# stupid normal distribution question

• Feb 23rd 2010, 09:55 PM
sezmin
Computing conditional expectation...
if I have X1,X2 iid normal with N(0,1)

and I want to find E(X1*X2 | X1 + X2 = x)

Can I simply say: X1 = x - X2 and thus

E(X1*X2 | X1 + X2 = x) =

E[ (x - X2)*X2) = E[ (x * X2) - ((X2)^2) ] <=>

x*E[X] - E[X2^2] =
0 - 1 =
-1

???
• Feb 24th 2010, 09:02 AM
sezmin
Also,

I think I heard somewhere that if you have X and Y are two random variables, both of which have the standard normal distribution N(0,1), then X and Y are independent...

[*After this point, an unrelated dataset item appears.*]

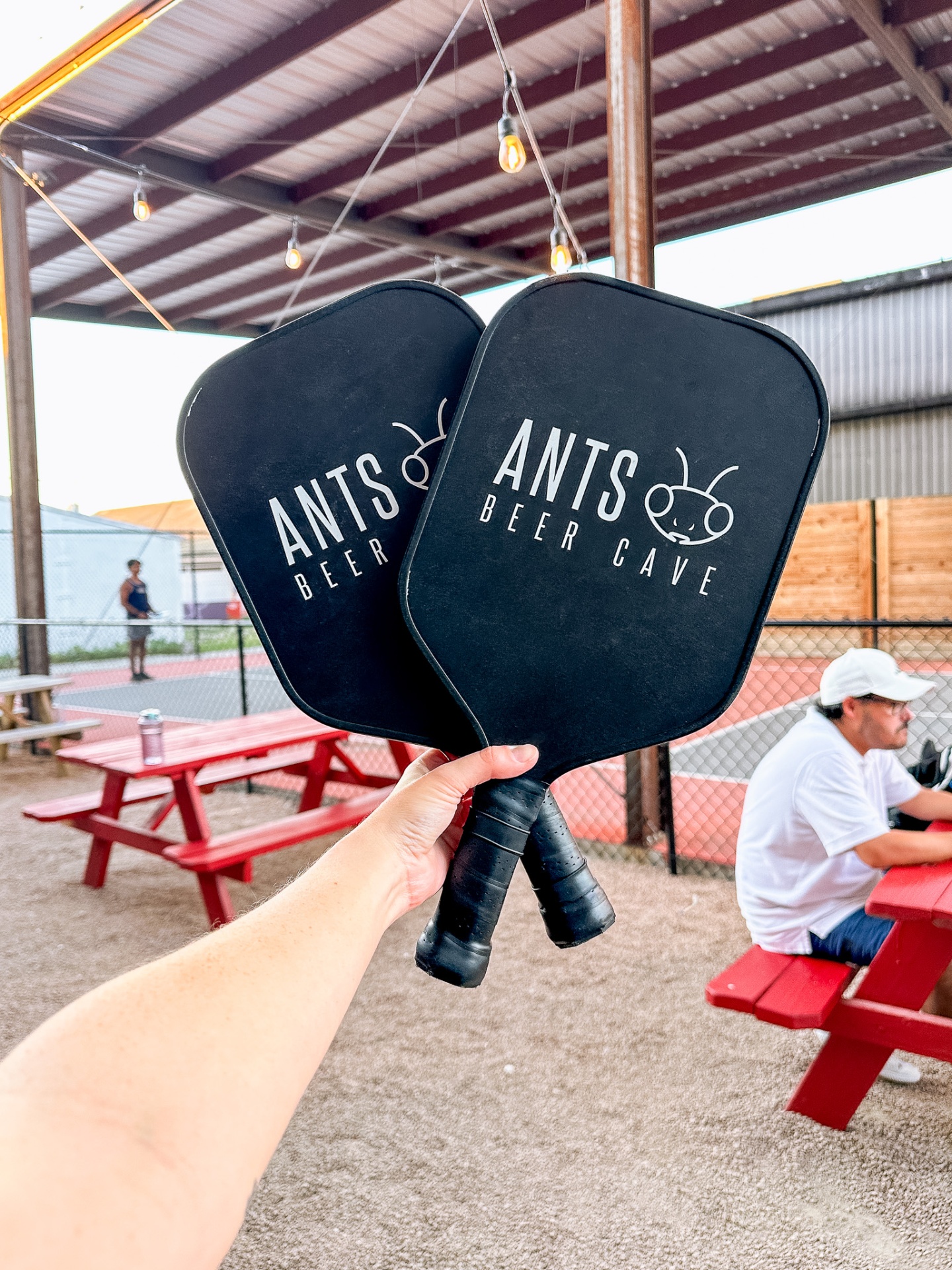 Two Ants Beer Cave branded pickleball paddles held up in front of the outdoor courts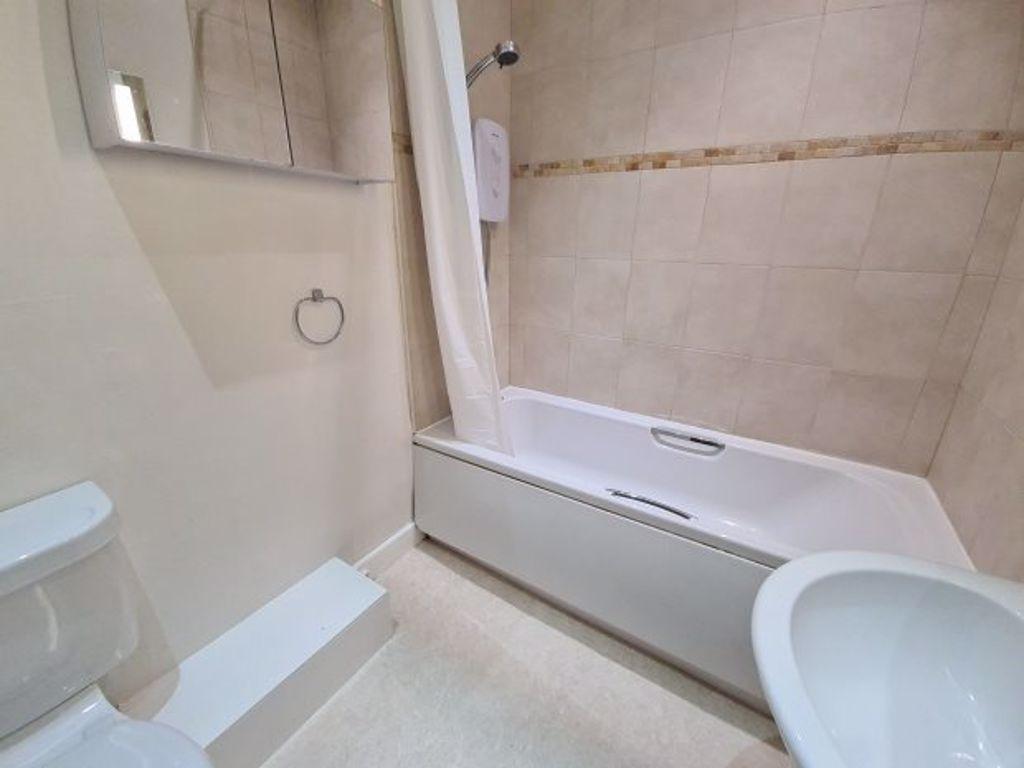 Bright, well-maintained bathroom with a modern ...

This sounds strange to me, is it true?
• Feb 24th 2010, 10:49 AM
matheagle
no and no
you need the covariance to be zero in the second question.
• Feb 24th 2010, 02:34 PM
sezmin
i see, how do i find the first one then?

i see, for the second one, thanks!
• Feb 24th 2010, 03:03 PM
matheagle
I'm bet there is a clever way to do the first, but the straight fowrard way will work.

Obtain the conditional density.
let W=XY and Z=X+Y.
From the joint density of X and Y you can obtain the joint density of W and Z.

Then $f(W|Z)={f(W,Z)\over f(Z)}$

So $E(W|Z)=\int wf(w|Z)dw$

The marginal density of Z is obvious.